La réaction du public a été facilitée par un autre phénomène également imprévu : la renaissance de la librairie traditionnelle. Depuis 2014, aux Etats-Unis, les créations de points de ventes excèdent les fermetures. Les nouvelles librairies sont, il est vrai, très différentes des anciennes. Elles sont devenues des lieux d’échanges et de convivialité où on peut prendre un café, s’asseoir pour lire dans un fauteuil confortable sans être dérangé et assister à des débats intéressants avec les auteurs, toutes choses qu’Amazon ne peut pas fournir à travers un écran. Du coup, Jeff Bezos, le patron du groupe, a décidé, avec son pragmatisme habituel, de changer complétement de stratégie. Il a ouvert en février 2015 une première librairie à Seattle et a laissé entendre que son entreprise pourrait créer jusqu’à 150 librairies aux Etats-Unis, en attendant sans doute de débarquer en Europe.

En France, les choses se présentent un peu différemment. En raison de la loi Lang sur le prix fixe du livre, Amazon n’a pas été autorisé à casser les prix des ouvrages, ce qui explique en partie la faible pénétration de l’e-book. Les grands éditeurs, de leur côté, n’ont pas cherché à dynamiser ce marché en offrant des remises conséquentes par rapport aux prix des livres papier.
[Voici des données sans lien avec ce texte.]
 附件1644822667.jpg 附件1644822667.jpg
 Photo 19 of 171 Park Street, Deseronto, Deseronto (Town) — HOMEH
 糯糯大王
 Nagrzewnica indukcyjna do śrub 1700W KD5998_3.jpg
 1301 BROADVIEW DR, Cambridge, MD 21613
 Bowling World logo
Les livres de poche qui constituent un élément important de leur activité sont même moins chers que les éditions numériques ! Seuls les ouvrages très techniques, notamment, les éditions juridiques et les encyclopédies, ont tiré parti du numérique. Il en ira probablement de même des livres scolaires qui doivent être fréquemment remis à jour et qui représentent une part significative, de l’ordre de 15%, du chiffre d’affaires de l’édition.  En revanche, Amazon et, dans une moindre mesure, la FNAC ont réalisé une percée significative dans le secteur de la vente à distance des livres papier, faisant ainsi une concurrence sérieuse aux librairies traditionnelles et entrainant la disparition des chaînes Virgin et Chapitre.
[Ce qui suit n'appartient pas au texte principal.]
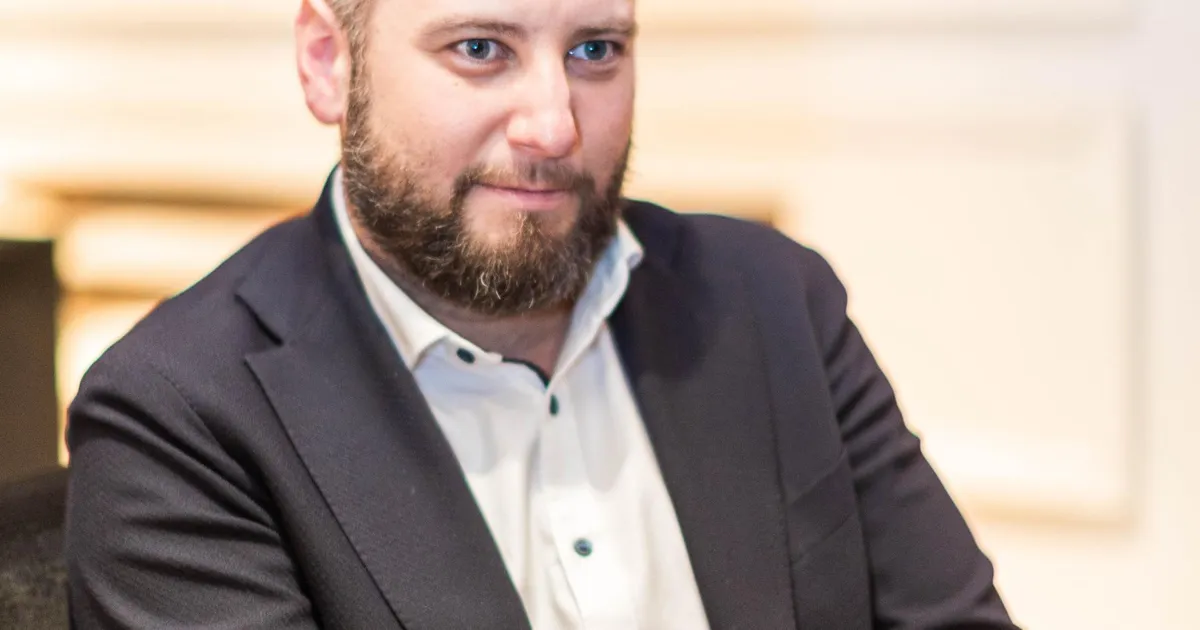 Svet tahab Lasnamäele transpordiametile uue hoone ehitada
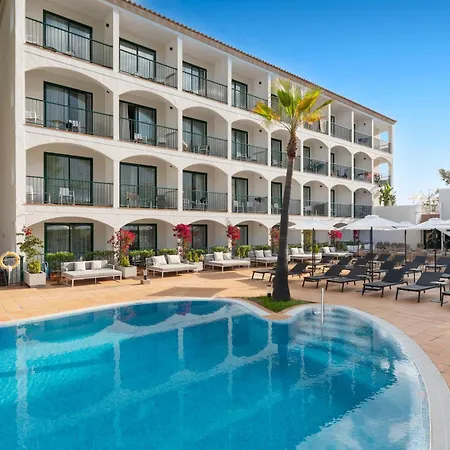 Valentin Somni & (adults Only)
Toutefois, les points de vente commencent à réagir et certains adoptent la formule américaine de la librairie lieu de rencontre et de débats où on sait accueillir et conseiller le lecteur. Dans les grandes villes au moins la bataille menée par la librairie traditionnelle est loin d’être perdue.

Des deux côtés de l’Atlantique, les grandes maisons d’édition qui, plus que jamais, dominent le marché, s’interrogent sur la stratégie à adopter.

Il apparaît d’abord que la cohabitation entre le livre numérique et le format papier n’est pas prête de disparaitre. Cela oblige les éditeurs à pratiquer simultanément les deux formats et donc réduit, indirectement, la rentabilité du numérique puisqu’il faut continuer à financer la lourde logistique de la distribution et diffusion des ouvrages sur papier.

Par ailleurs, le e-book est, jusqu’à présent, mal adapté aux livres illustrés, beaux livres, publications pour la jeunesse et particulièrement la BD qui est un important secteur d’activité de l’édition française (environ 9% du chiffre d’affaires global). Les supports usuels de lecture, liseuses ou smartphones, ne peuvent intégrer de manière satisfaisante les grands formats et les illustrations en couleur de ce type d’ouvrage. En revanche, le passage du livre de poche au numérique parait logique mais les éditeurs freinent cette évolution, en jouant sur les prix, par crainte de perdre un marché important et profitable et aussi de déstabiliser le réseau des points de vente dont une part croissante du chiffre d’affaires est alimentée par le poche.

En définitive, l’enjeu majeur pour la survie du livre est le maintien d’un contact direct avec le public, pour lui permettre de tâter les ouvrages et, éventuellement, de céder à un effet d’aubaine, ce qui n’est pas le cas dans le numérique, en dépit des efforts d’Amazon pour appliquer les algorithmes qui l’aident à deviner les goûts de ses millions de clients. Cela implique donc la sauvegarde d’un réseau dense de librairies et aussi le maintien de la loi Lang sur le prix fixe, ce qui protège les petits éditeurs et les petits points de vente. De ce point de vue, la situation du livre n’est pas si différente de celle de la musique. Ses opérateurs essayent de remédier au déclin inexorable des CD en encourageant les concerts et autres manifestations musicales qui mettent en rapport de vrais interprètes et des spectateurs en chair et en os.